All flow cytometry data are represented as percent total live cells, which include tumor cells and immune infiltrates. (A) Pie charts summarizing the median abundance (% total live cells) of eight different immune populations in 100mm³ tumors from each syngeneic model. Percent values in pie charts refer to “other cells,” which includes tumor and other immune cells not captured in this analysis. Plots showing abundance of (B) T cell populations, (C) NK and B cell populations, and (D) myeloid cell populations in 100mm³ tumors. Medians of each immune population are indicated as bars and these values were used in the pie charts shown in (A). Statistical significance between groups: * 0.01 < p < 0.05, ** 0.001 < p < 0.01, *** p < 0.001.

Fig 6. Flow cytometry analysis of lymphocyte (T/B/NK) changes within the tumor of each model as size increases.

All data are represented as percent total live cells, which include tumor cells as well as immune infiltrates. (A) Pie charts summarizing the median abundance (% total live cells) of only lymphocyte (T, B, NK) populations in RENCA tumors at different sizes. Myeloid populations are excluded from this figure. Percent values in pie charts refer to “other cells,” which includes tumor and other immune cells not captured in this analysis. Plots showing abundance of T, B, and NK populations in (B) RENCA tumors, (C) CT26 tumors, (D) EMT6 tumors, and (E) B16F10 tumors. The green box highlights CD8 T cell increase with tumor volume increase in the CT26 model. Medians of each immune population are indicated as bars. Statistical significance between groups: * 0.01 < p < 0.05, ** 0.001< p < 0.01, *** p < 0.001.

Fig 7. Flow cytometry analysis of myeloid population changes within the tumor of each model as size increases.

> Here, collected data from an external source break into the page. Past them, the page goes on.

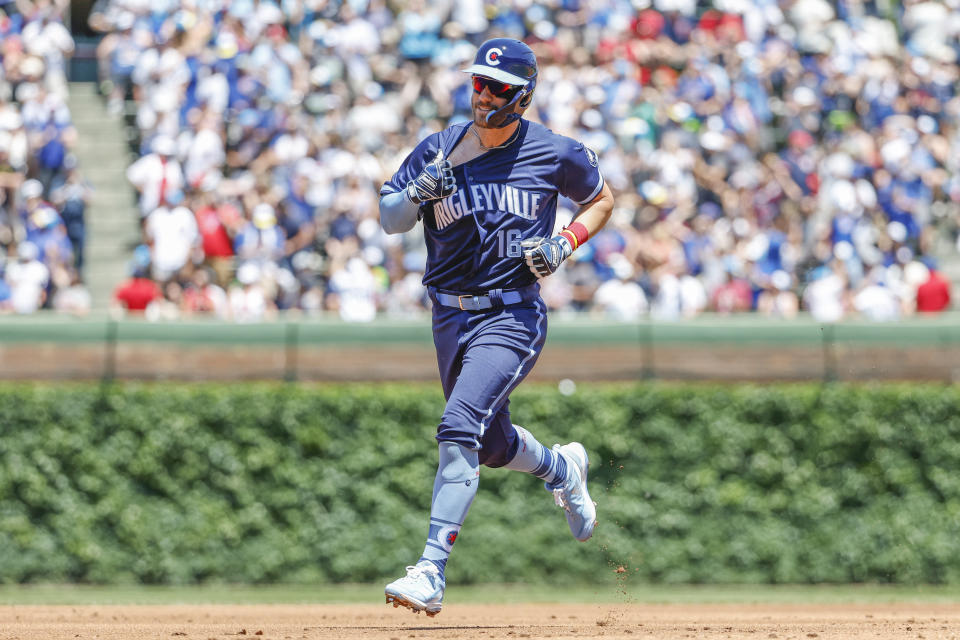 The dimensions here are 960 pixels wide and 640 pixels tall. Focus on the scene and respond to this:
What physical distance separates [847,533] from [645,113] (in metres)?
5.31

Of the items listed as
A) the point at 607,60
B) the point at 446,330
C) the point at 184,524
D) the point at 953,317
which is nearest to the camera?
the point at 446,330

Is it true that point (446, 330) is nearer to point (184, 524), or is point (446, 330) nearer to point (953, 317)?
point (184, 524)

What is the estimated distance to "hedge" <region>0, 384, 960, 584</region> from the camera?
11188 mm

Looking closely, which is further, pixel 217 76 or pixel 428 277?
pixel 217 76

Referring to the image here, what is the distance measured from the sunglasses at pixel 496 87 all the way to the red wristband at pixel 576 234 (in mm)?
670

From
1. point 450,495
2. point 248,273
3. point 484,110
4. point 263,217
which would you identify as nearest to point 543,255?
point 484,110

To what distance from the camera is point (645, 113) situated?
48.7 ft

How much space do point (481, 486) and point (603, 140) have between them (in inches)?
185

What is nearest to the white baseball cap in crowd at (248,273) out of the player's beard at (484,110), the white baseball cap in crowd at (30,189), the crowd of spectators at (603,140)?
the crowd of spectators at (603,140)

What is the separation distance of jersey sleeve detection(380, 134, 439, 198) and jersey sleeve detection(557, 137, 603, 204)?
593mm

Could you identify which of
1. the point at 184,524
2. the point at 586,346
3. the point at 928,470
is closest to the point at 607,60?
the point at 586,346

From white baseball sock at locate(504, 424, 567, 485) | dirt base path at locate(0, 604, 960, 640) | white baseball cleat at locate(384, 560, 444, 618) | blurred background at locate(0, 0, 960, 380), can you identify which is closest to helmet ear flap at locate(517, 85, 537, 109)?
white baseball sock at locate(504, 424, 567, 485)

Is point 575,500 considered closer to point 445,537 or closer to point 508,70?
point 445,537

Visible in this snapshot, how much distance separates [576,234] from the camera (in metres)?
6.49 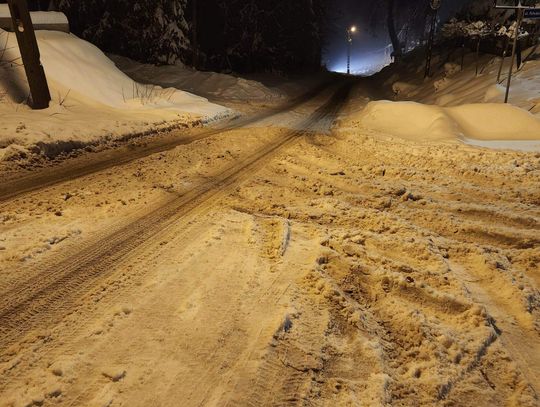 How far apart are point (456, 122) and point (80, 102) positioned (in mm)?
9138

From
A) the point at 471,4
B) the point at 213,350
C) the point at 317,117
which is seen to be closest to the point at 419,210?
the point at 213,350

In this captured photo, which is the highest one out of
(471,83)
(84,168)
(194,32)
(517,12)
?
(194,32)

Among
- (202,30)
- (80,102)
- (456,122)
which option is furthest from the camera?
(202,30)

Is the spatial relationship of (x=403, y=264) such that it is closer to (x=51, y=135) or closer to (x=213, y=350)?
(x=213, y=350)

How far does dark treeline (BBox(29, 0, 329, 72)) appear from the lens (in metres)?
19.2

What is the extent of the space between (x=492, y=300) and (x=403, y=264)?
735 millimetres

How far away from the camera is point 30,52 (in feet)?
24.3

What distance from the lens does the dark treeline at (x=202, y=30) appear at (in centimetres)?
1925

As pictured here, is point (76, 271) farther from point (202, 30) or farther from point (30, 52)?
point (202, 30)

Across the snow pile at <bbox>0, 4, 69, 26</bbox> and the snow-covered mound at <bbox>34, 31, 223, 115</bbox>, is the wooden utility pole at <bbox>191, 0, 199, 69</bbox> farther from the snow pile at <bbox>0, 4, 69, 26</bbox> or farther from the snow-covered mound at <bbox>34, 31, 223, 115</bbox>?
the snow pile at <bbox>0, 4, 69, 26</bbox>

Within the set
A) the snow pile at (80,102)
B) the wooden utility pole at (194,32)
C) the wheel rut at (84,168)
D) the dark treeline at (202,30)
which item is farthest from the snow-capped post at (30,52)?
the wooden utility pole at (194,32)

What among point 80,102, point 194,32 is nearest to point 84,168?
point 80,102

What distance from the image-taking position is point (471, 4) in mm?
18266

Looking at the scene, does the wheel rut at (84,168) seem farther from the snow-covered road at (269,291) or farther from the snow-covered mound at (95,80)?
the snow-covered mound at (95,80) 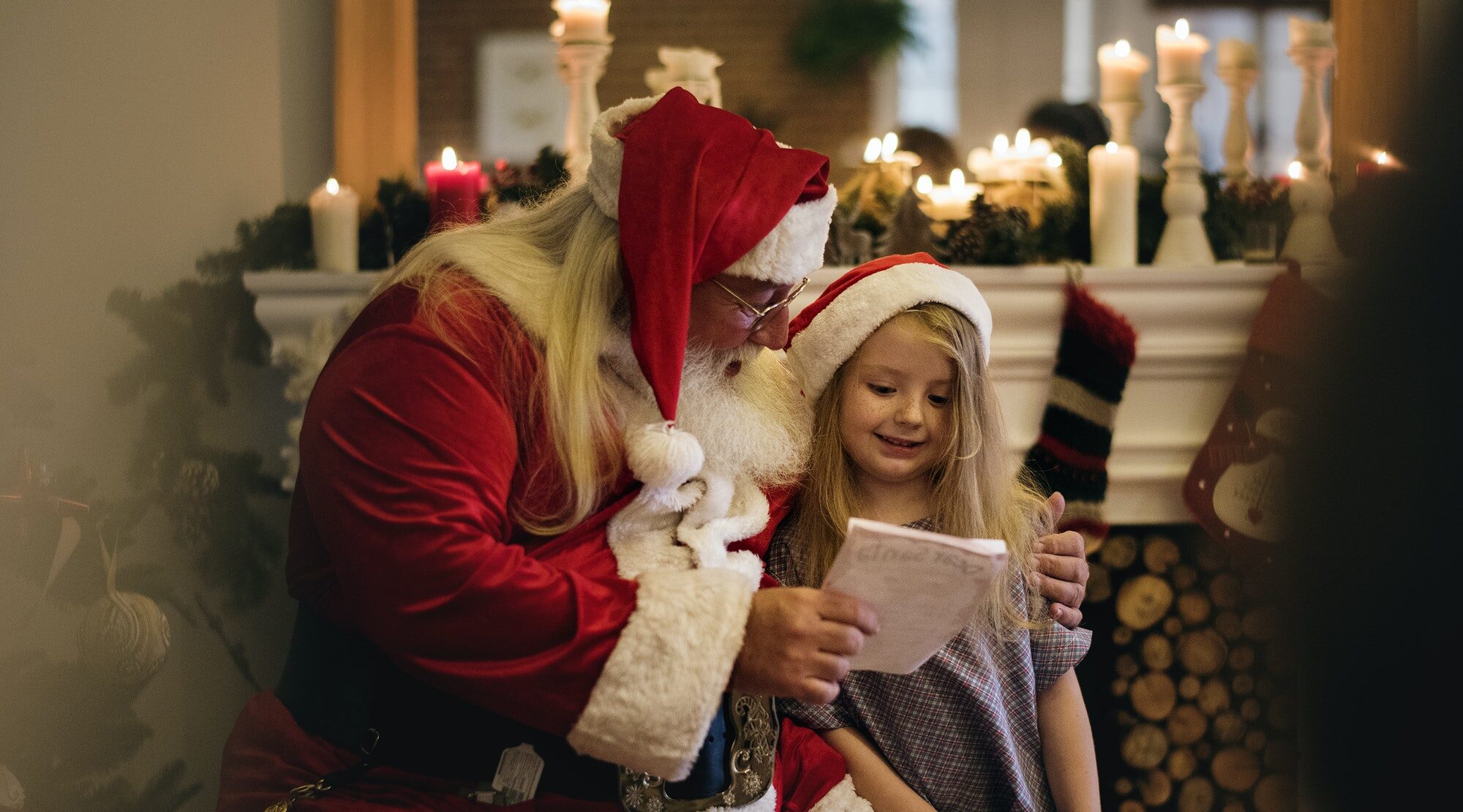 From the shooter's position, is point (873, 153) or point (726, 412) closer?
point (726, 412)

All data are represented as percent total live cells, which include tumor cells as well as immune infiltrates. (A) Pie charts summarizing the median abundance (% total live cells) of myeloid populations in RENCA tumors at different sizes. Lymphocyte populations are excluded from this figure. Percent values in pie charts refer to “other cells,” which includes tumor and other immune cells not captured in this analysis. Plots showing abundance of myeloid populations in (B) RENCA tumors, (C) CT26 tumors, (D) EMT6 tumors, and (E) B16F10 tumors. The green box highlights MDSC increase with tumor volume increase in the RENCA model. Medians of each immune population are indicated as bars. Statistical significance between groups: * 0.01 < p < 0.05, ** 0.001 < p < 0.01, *** p < 0.001.

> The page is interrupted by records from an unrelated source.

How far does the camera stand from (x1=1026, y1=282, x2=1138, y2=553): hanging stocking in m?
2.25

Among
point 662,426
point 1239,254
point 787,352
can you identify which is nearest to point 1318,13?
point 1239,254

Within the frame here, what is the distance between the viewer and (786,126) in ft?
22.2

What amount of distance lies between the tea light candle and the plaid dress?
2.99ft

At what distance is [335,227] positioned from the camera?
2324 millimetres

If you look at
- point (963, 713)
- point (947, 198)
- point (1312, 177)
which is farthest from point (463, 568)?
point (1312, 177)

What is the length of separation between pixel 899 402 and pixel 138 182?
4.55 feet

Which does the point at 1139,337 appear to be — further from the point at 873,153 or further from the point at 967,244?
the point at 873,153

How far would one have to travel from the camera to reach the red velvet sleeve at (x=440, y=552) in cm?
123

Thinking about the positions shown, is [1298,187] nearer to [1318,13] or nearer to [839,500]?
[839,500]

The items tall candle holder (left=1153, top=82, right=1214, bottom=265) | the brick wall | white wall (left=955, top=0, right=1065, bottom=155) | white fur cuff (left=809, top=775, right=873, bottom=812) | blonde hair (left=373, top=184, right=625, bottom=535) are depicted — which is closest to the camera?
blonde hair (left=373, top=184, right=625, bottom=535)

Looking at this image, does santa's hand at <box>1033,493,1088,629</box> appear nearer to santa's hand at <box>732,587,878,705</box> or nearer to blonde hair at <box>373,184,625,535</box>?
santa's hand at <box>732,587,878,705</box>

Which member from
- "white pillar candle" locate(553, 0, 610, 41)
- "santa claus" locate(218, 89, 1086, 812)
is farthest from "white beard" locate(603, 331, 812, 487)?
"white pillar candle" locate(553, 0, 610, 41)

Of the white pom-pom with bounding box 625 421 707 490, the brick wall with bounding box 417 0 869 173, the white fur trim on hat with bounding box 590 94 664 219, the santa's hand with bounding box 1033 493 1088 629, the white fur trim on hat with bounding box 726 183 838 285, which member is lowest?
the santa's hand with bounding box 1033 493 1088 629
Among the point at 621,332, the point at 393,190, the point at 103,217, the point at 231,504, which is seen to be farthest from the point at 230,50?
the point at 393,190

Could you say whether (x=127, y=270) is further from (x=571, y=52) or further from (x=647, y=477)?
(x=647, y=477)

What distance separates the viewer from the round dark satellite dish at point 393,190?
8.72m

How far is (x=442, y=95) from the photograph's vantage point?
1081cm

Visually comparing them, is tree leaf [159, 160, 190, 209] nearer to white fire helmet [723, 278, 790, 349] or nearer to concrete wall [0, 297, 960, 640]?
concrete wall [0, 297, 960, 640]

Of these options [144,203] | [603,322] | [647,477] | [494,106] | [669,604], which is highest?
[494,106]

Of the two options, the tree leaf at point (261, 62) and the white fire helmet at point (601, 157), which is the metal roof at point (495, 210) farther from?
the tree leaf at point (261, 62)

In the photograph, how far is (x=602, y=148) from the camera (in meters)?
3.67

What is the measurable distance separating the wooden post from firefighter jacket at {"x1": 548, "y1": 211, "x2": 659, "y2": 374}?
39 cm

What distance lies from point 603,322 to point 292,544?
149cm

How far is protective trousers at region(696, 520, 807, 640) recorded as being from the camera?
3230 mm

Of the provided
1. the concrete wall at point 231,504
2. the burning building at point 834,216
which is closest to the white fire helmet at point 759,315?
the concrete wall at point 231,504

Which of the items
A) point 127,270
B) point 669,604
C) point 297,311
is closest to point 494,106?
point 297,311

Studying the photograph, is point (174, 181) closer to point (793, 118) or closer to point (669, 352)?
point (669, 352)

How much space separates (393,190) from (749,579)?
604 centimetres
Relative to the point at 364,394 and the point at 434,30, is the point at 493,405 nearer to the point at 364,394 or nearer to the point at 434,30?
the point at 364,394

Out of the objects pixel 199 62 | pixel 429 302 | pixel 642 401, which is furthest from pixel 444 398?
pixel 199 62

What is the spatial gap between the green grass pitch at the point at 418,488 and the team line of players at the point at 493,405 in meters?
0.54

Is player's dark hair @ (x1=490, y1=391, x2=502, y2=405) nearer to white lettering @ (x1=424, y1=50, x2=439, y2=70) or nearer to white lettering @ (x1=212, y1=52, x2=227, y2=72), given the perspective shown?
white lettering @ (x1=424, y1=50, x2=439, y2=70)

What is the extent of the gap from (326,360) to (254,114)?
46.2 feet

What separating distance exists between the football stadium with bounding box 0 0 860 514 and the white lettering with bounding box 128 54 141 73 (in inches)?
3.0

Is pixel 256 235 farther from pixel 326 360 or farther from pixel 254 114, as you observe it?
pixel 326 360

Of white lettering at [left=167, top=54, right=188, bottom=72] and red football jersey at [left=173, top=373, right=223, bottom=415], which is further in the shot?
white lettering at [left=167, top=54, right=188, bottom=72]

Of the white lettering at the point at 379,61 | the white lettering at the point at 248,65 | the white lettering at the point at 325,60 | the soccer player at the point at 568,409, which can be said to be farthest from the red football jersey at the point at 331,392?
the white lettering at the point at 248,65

Fig 8. Ki67 staining of tumor samples reveals proliferation at the invasive margin.

IHC was performed on fixed and paraffin embedded tumor samples across the different models and across all tumor sizes. Five mice per model at each tumor size were used for this analysis. A representative image for each is shown.

Fig 9. CD3⁺ cells are confined predominantly to the invasive margin in untreated tumors.

IHC was performed on fixed and paraffin embedded tumor samples across the different models and across all tumor sizes. Five mice per model at each tumor size were used for this analysis. A representative image for each is shown.

Fig 10. Immunotherapy treatment enhances survival in models with distinct tumor microenvironments.

For each model, mice were dosed with either 1μg α-OX40 antibody or 400μg isotype control antibody every three or four days (six doses in total). Ten mice were used per treatment group. Mice were categorized as dead when the tumor volume reached 2000mm³. Statistical significance between groups: * 0.01 < p < 0.05, ** 0.001 < p < 0.01, *** p < 0.001.